235. Lowest Common Ancestor of a Binary Search Tree - Explanation

Description

Given a binary search tree (BST) where all node values are unique, and two nodes from the tree p and q, return the lowest common ancestor (LCA) of the two nodes.

The lowest common ancestor between two nodes p and q is the lowest node in a tree T such that both p and q as descendants. The ancestor is allowed to be a descendant of itself.

Example 1:

Input: root = [5,3,8,1,4,7,9,null,2], p = 3, q = 8

Output: 5

Example 2:

Input: root = [5,3,8,1,4,7,9,null,2], p = 3, q = 4

Output: 3

Explanation: The LCA of nodes 3 and 4 is 3, since a node can be a descendant of itself.

Constraints:

2 <= The number of nodes in the tree <= 100.
-100 <= Node.val <= 100
p != q
p and q will both exist in the BST.

Recommended Time & Space Complexity

You should aim for a solution as good or better than O(h) time and O(h) space, where h is the height of the given tree.

Hint 1

A Binary Search Tree (BST) is a tree in which the values of all nodes in the left subtree of a node are less than the node's value, and the values of all nodes in the right subtree are greater than the node's value.

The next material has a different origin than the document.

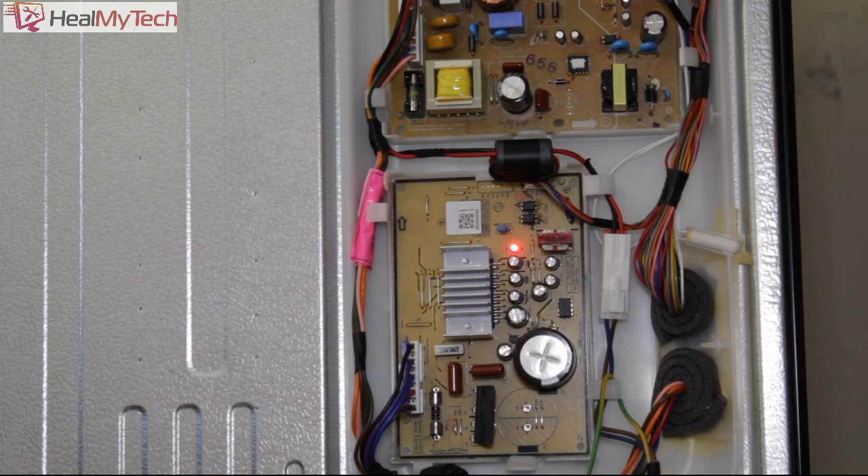You can tell the compressor is engaged from the sound and from the solid-state LED. As for post-repair testing — you could sit for about an hour and check that the evaporator in the rear of the freezer section has frost starting to develop on it; then you'd be 100% sure. Based on experience, I'm 99.9% sure this is going to work. Because I know this was working before it shut down and was cooling food correctly, once we've installed this board there's no reason for the system to be affected.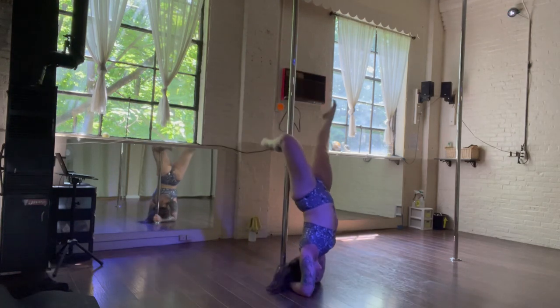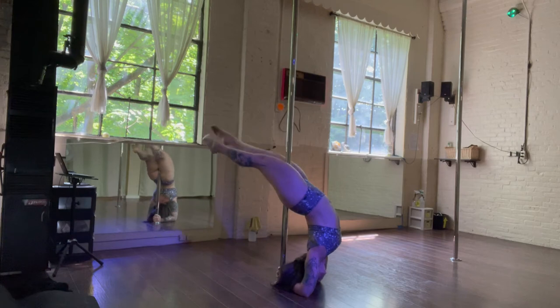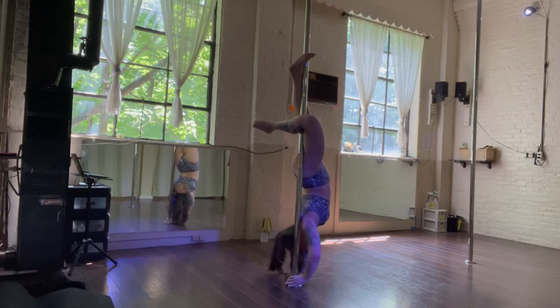Here are two fun ways to train a brass bridge to a bow and arrow. First, you can start from a forearm stand. When you've got that down, you can try going up a little bit higher into a regular twisted grip handstand.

Additionally, every subtree of a BST must also satisfy this property, meaning the "less than" or "greater than" condition is valid for all nodes in the tree, not just the root. How can you use this idea to find the LCA of the given nodes in the tree?

Hint 2

We can use recursion to traverse the tree. Can you figure out the conditions we encounter when choosing a path between the left and right subtrees during traversal using the values of the two given nodes? Perhaps you can determine the LCA by traversing based on these conditions.

Hint 3

If nodes p and q are in different subtrees, a split occurs, making the current node the LCA. If both are in the left or right subtree, the LCA lies in that subtree and we further choose that subtree to traverse using recursion. You should also handle other multiple scenarios to get the LCA.

Hint 4

The LCA can also be one of the nodes, p or q, if the current node is equal to either of them. This is because if we encounter either p or q during the traversal, that node is the LCA.

Company Tags

Please upgrade to NeetCode Pro to view company tags.

1. Recursion

# Definition for a binary tree node.
# class TreeNode:
#     def __init__(self, val=0, left=None, right=None):
#         self.val = val
#         self.left = left
#         self.right = right

class Solution:
    def lowestCommonAncestor(self, root: TreeNode, p: TreeNode, q: TreeNode) -> TreeNode:
        if not root or not p or not q:
            return None
        if (max(p.val, q.val) < root.val):
            return self.lowestCommonAncestor(root.left, p, q)
        elif (min(p.val, q.val) > root.val):
            return self.lowestCommonAncestor(root.right, p, q)
        else:
            return root

Time & Space Complexity

Time complexity: $O(h)$
Space complexity: $O(h)$

Where $h$ is the height of the tree.

2. Iteration

# Definition for a binary tree node.
# class TreeNode:
#     def __init__(self, val=0, left=None, right=None):
#         self.val = val
#         self.left = left
#         self.right = right

class Solution:
    def lowestCommonAncestor(self, root: TreeNode, p: TreeNode, q: TreeNode) -> TreeNode:
        cur = root

        while cur:
            if p.val > cur.val and q.val > cur.val:
                cur = cur.right
            elif p.val < cur.val and q.val < cur.val:
                cur = cur.left
            else:
                return cur

Time & Space Complexity

Time complexity: $O(h)$
Space complexity: $O(1)$

Where $h$ is the height of the tree.